— What you will do —
An exact transcription of the lines from the one holding "Vtg Carved Bone" to the end of the entries below, and nothing more, is the required answer. Please omit the pictures.

— Material for this task —
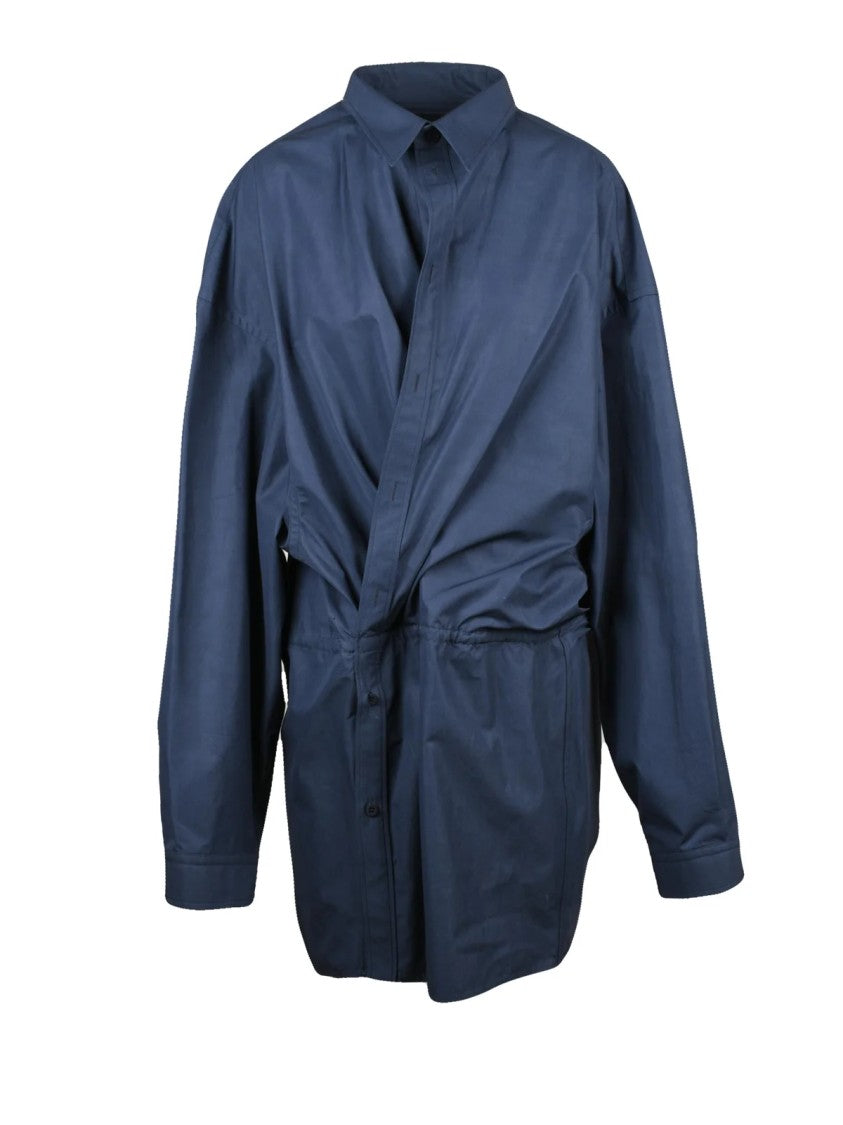 Balenciaga Oversize Cotton Dress With Classic Collar And Wrap Detail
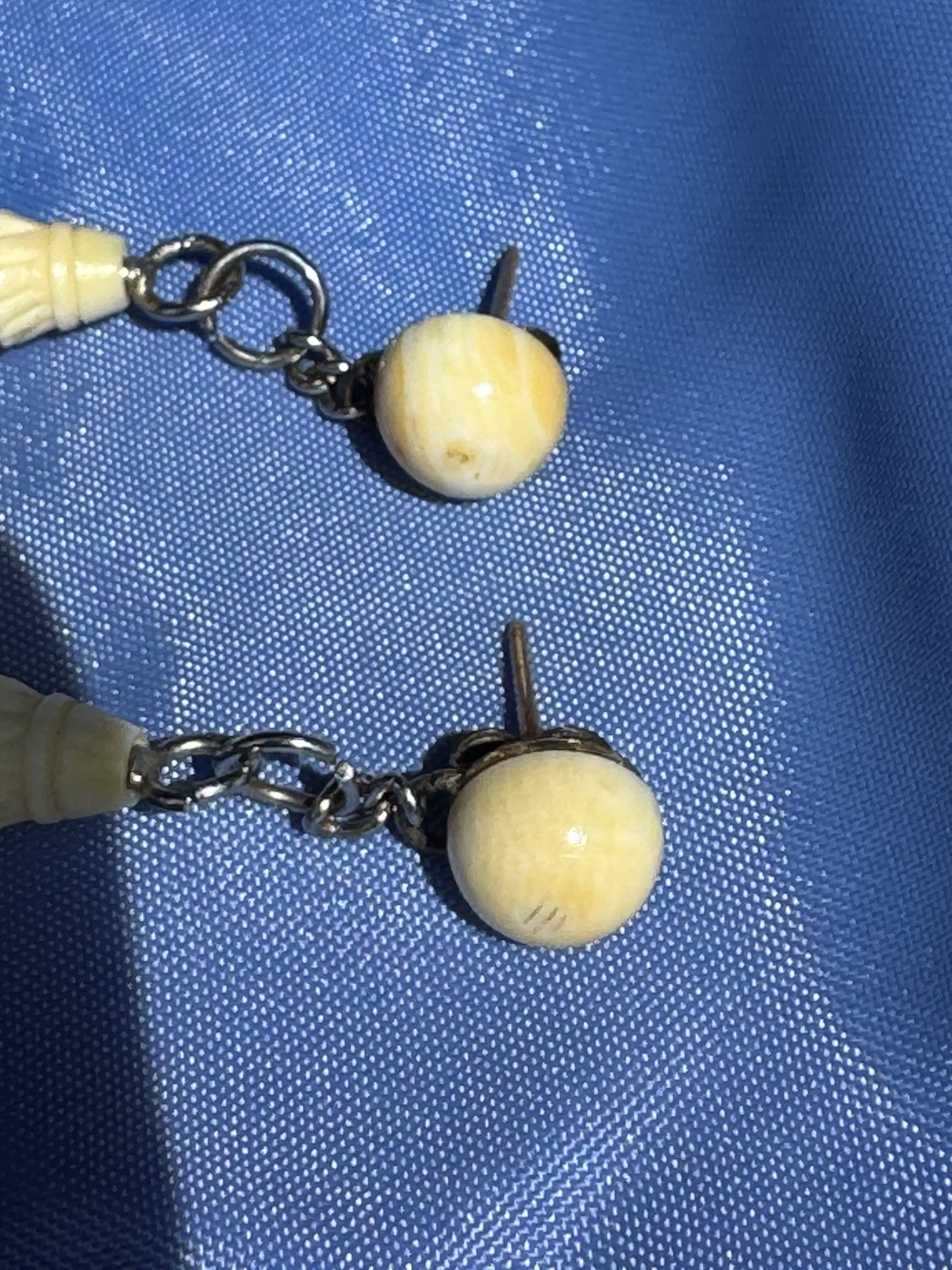Vtg Carved Bone Dragon Earrings Butterscotch Amber Studs MidCentury Asian Export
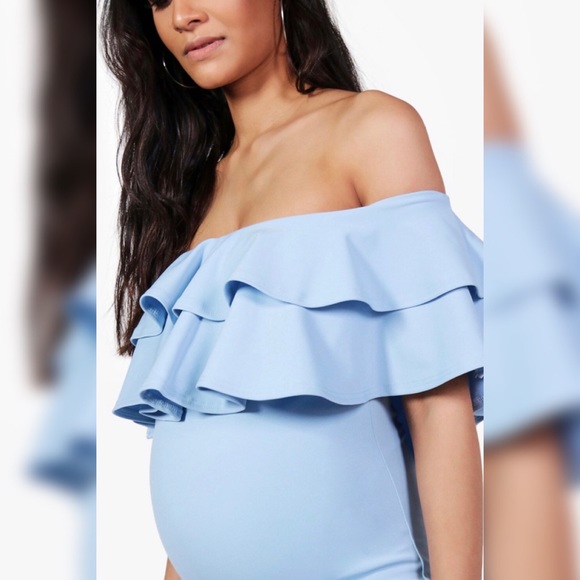 Maternity Ruffle Off The Shoulder Midi Dress - Picture 5 of 5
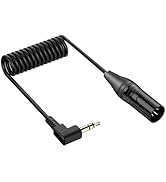 JSADZKJ Right Angle 3.5mm to XLR Aux Cable Coiled 1/8 Inch Jack Stereo to XLR Male Cord Adapter 9...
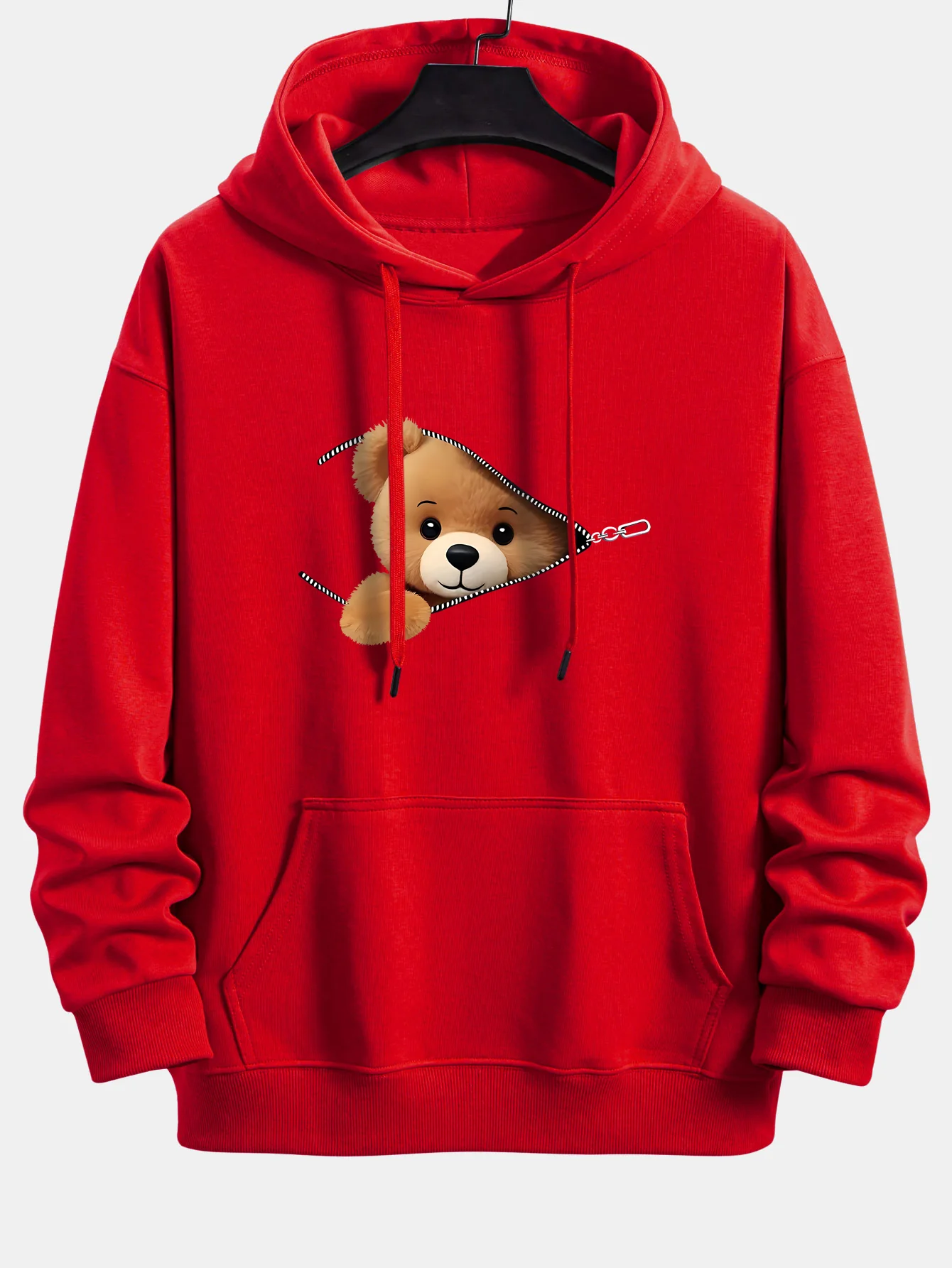 Zipper Bear Print Relax Fit Hoodie - Image 4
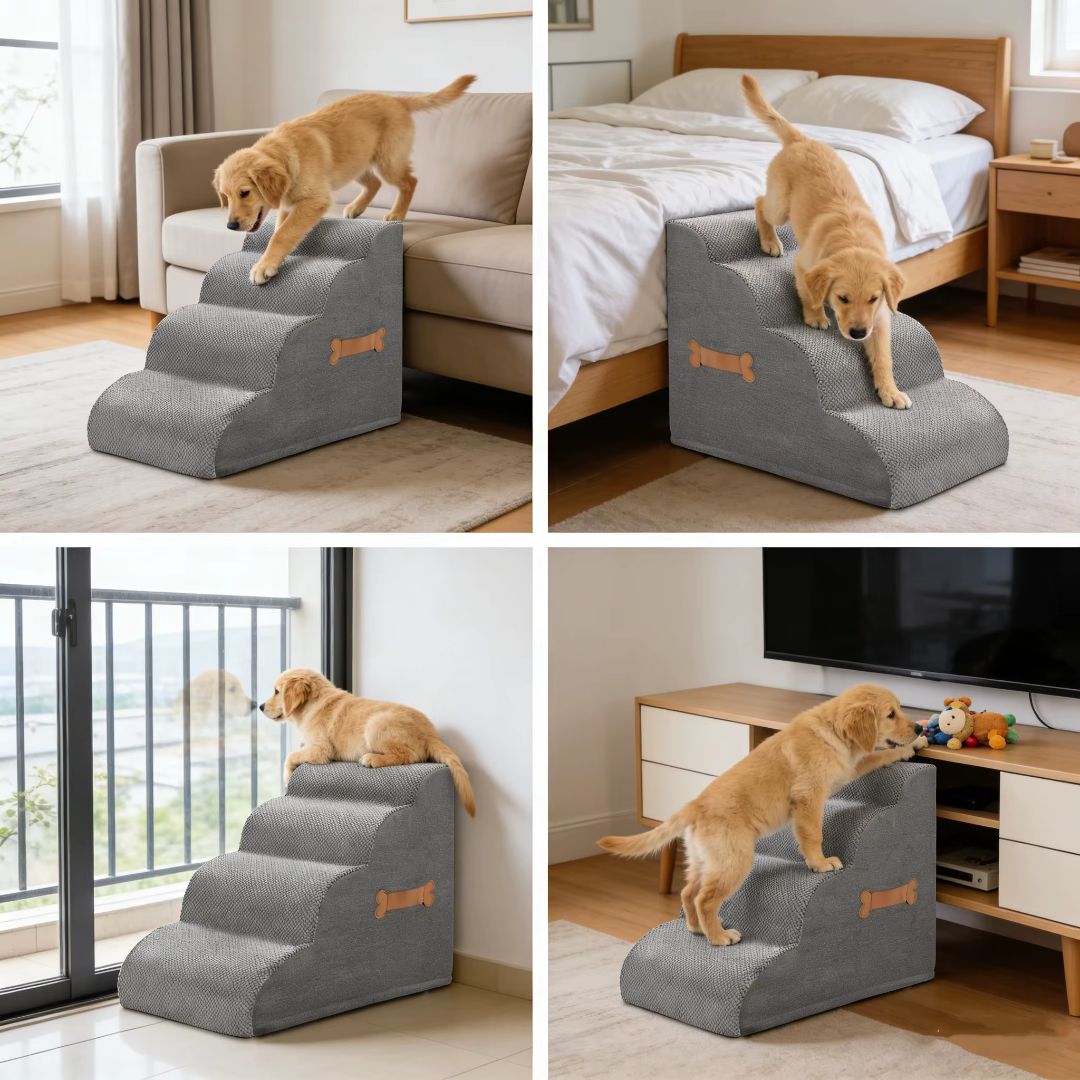 Escada Nuvem para Cachorros e Gatos | Mais Segurança e Conforto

— Result of the task —
Vtg Carved Bone Dragon Earrings Butterscotch Amber Studs MidCentury Asian Export
 Maternity Ruffle Off The Shoulder Midi Dress - Picture 5 of 5
 JSADZKJ Right Angle 3.5mm to XLR Aux Cable Coiled 1/8 Inch Jack Stereo to XLR Male Cord Adapter 9...
 Zipper Bear Print Relax Fit Hoodie - Image 4
 Escada Nuvem para Cachorros e Gatos | Mais Segurança e Conforto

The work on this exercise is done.